▸ **Your assignment**: Your reply should be a faithful copy of the records below, free of pictures.

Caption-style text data
━━━━━━━━━━
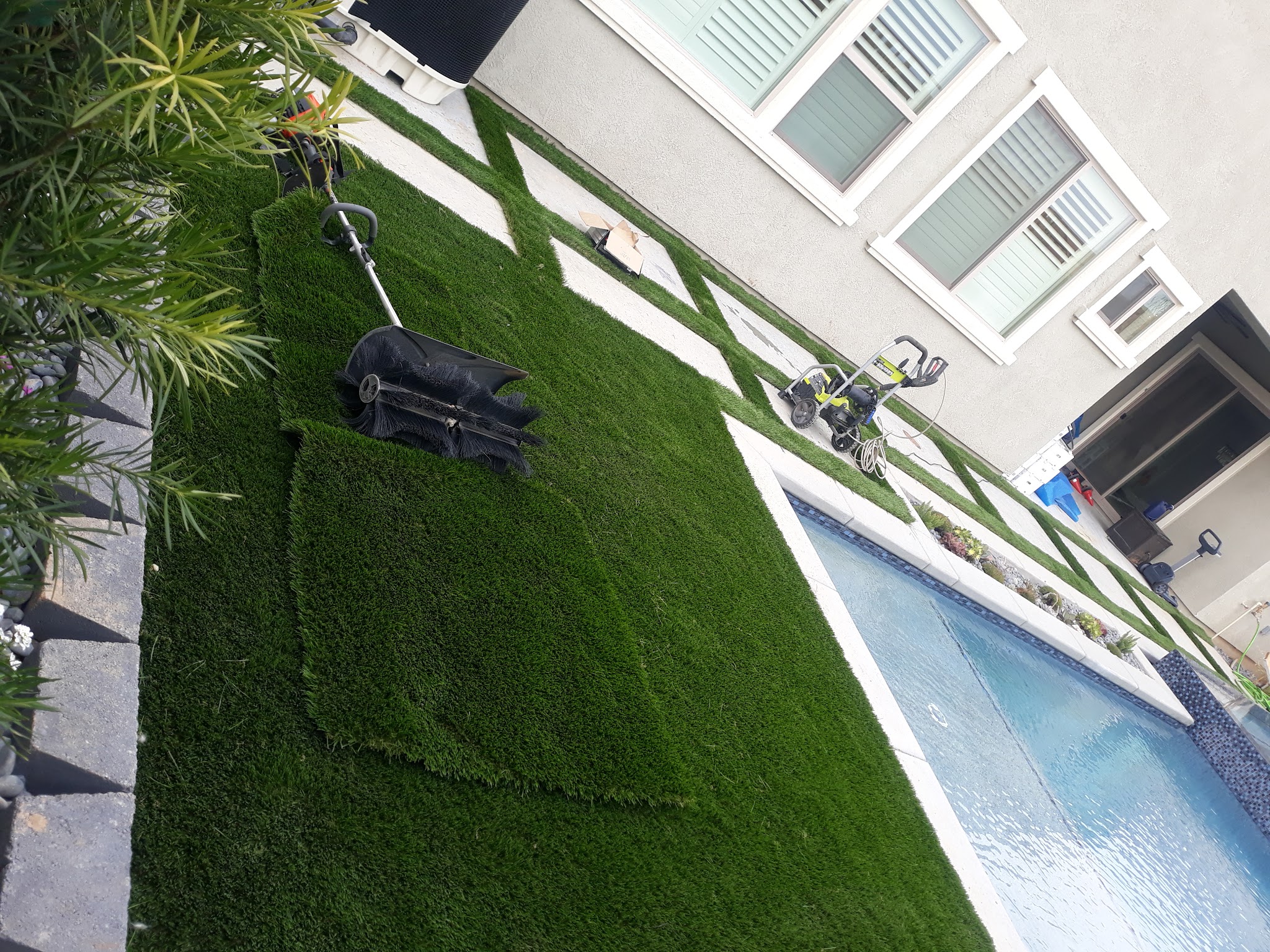Fresh artificial turf installation next to a pool deck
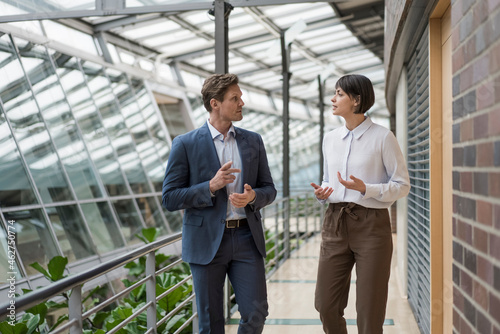 Businessman and woman talking in sustainable office building photo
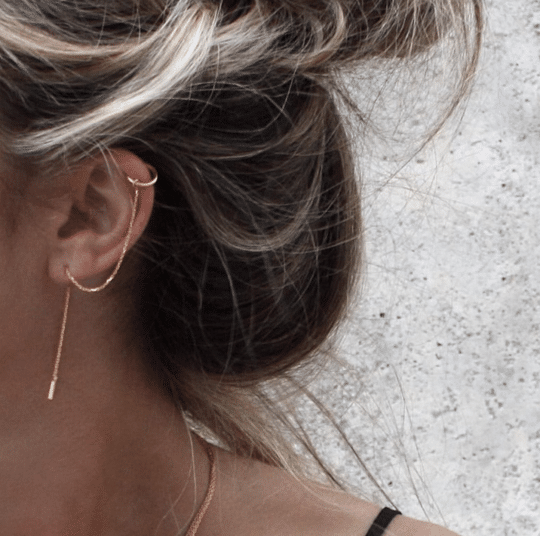 Gold cuff with chain earring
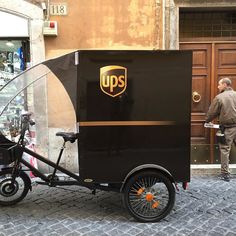 a man standing next to a black bike with an ups logo on the front and side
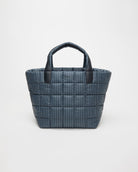Blue striped tote bag with black handles on a white background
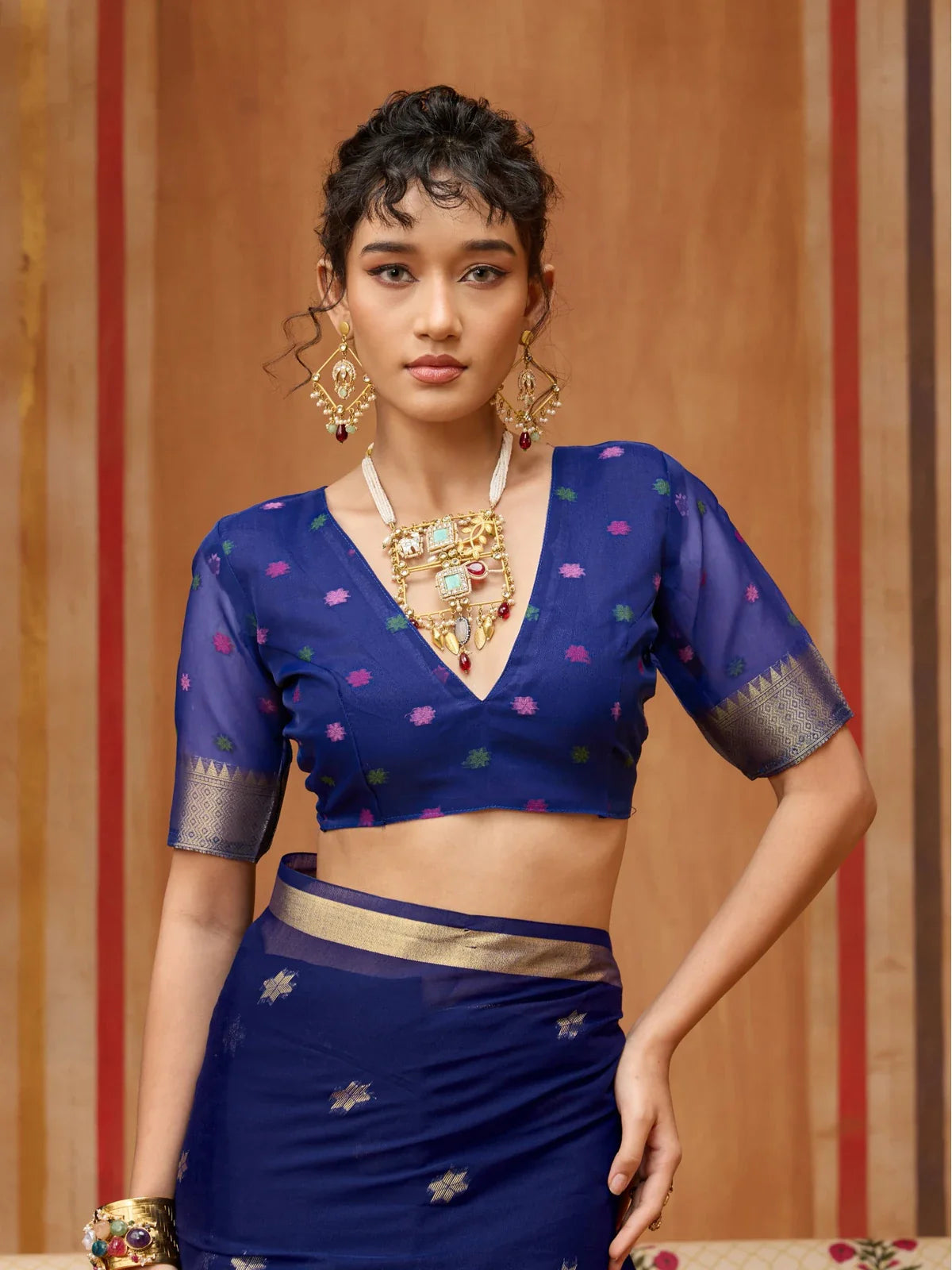 Tarani close-up of blue munga cotton blouse with golden sleeve detailing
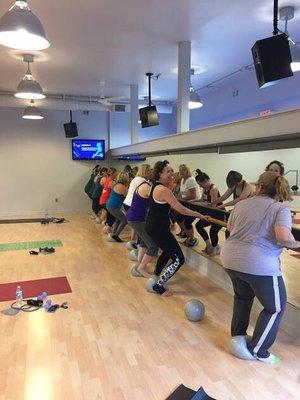 Barre class, using exercise balls, bands, and weights.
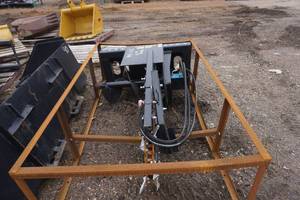 lot 15 image: Brand New Universal Mount Bobcat Skid Loader Skid Steer Hydraulic Trencher Attachment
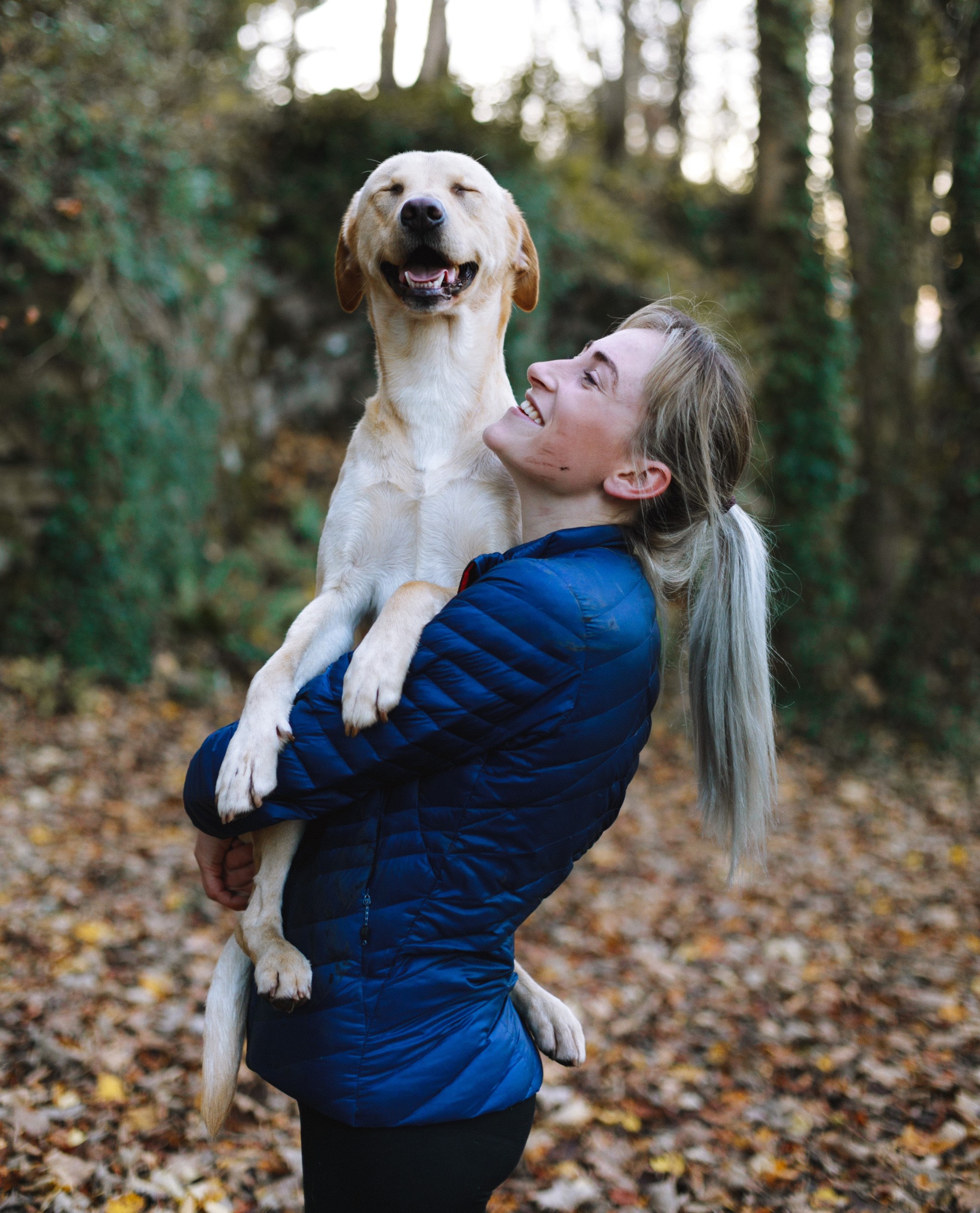 Happy lady and her dog in forest.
━━━━━━━━━━
▸ **Your solution**:
Fresh artificial turf installation next to a pool deck
 Businessman and woman talking in sustainable office building photo
 Gold cuff with chain earring
 a man standing next to a black bike with an ups logo on the front and side
Blue striped tote bag with black handles on a white background
 Tarani close-up of blue munga cotton blouse with golden sleeve detailing
 Barre class, using exercise balls, bands, and weights.
 lot 15 image: Brand New Universal Mount Bobcat Skid Loader Skid Steer Hydraulic Trencher Attachment
 Happy lady and her dog in forest.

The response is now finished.